Dans cette déclaration, les 15 membres du Conseil de sécurité appellent "au retrait de tous les combattants et mercenaires étrangers de Libye conformément à l'accord de cessez-le-feu conclu par les parties libyennes le 23 octobre, aux engagements des participants à la Conférence de Berlin (en janvier) et des résolutions pertinentes du Conseil de sécurité de l'ONU".
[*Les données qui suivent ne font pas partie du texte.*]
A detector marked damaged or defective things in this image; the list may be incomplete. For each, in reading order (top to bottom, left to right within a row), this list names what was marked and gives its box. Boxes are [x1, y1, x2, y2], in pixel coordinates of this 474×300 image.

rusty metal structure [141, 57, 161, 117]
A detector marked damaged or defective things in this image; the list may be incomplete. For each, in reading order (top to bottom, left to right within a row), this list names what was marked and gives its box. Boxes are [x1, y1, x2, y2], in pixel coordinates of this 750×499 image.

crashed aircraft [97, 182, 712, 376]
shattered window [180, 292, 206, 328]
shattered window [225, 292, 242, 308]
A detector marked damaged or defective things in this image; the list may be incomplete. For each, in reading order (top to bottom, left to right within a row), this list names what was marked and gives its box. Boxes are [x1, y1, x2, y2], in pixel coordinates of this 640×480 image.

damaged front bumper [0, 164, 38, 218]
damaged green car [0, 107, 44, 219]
Ce communiqué a été rendu public à l'issue d'une visioconférence à huis clos du Conseil sur la Libye, mardi dernier.

Cessez-le-feu

Dans sa déclaration, le Conseil de sécurité souligne aussi "l'importance d'un mécanisme de surveillance du cessez-le-feu crédible et efficace dirigé par la Libye". Le secrétaire général de l'ONU, Antonio Guterres, doit remettre fin décembre au Conseil des options pour la création de ce mécanisme qui opérerait sous l'égide des Nations unies. À cet égard, les Européens souhaitent un mécanisme qui soit le plus robuste possible, pouvant comprendre une présence au sol, alors que le secrétariat de l'ONU est partisan d'une implication minimale de l'Organisation.

Une faible mobilisation

L'ONU ne dispose en Libye jusqu'à présent que d'une mission politique assez réduite, puisqu'elle est composée d'environ 230 personnes. Le mécanisme envisagé devrait permettre de surveiller l'application du cessez-le-feu et le départ des mercenaires et combattants étrangers de Libye, estiment les Européens. Ils refusent de les voir rester sur place sous l'appellation de "conseillers militaires".
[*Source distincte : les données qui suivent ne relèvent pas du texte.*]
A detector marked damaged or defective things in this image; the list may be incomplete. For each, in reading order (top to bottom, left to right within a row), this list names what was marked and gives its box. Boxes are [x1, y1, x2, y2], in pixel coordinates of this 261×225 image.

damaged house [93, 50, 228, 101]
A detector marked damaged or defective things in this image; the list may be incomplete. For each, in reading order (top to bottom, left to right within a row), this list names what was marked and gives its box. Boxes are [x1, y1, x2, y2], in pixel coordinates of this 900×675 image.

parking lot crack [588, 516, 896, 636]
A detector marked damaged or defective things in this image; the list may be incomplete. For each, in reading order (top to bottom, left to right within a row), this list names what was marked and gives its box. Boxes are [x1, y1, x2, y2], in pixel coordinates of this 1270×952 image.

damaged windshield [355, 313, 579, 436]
Début décembre, l'émissaire par intérim de l'ONU en Libye, l'Américaine Stephanie T. Williams, avait affirmé que quelque 20 000 forces étrangères étaient toujours en Libye.

"Il y a aujourd'hui dix bases militaires [en Libye] totalement ou partiellement occupées par des forces étrangères", avait-elle précisé par la suite.

Un chaos interminable

La Libye est en guerre depuis 2011. Deux autorités s'y disputent le pouvoir : le gouvernement d'union nationale à Tripoli, reconnu par l'ONU et soutenu par des forces militaires turques, et un pouvoir incarné par Khalifa Haftar, appuyé par les Émirats arabes unis, la Russie et l'Égypte.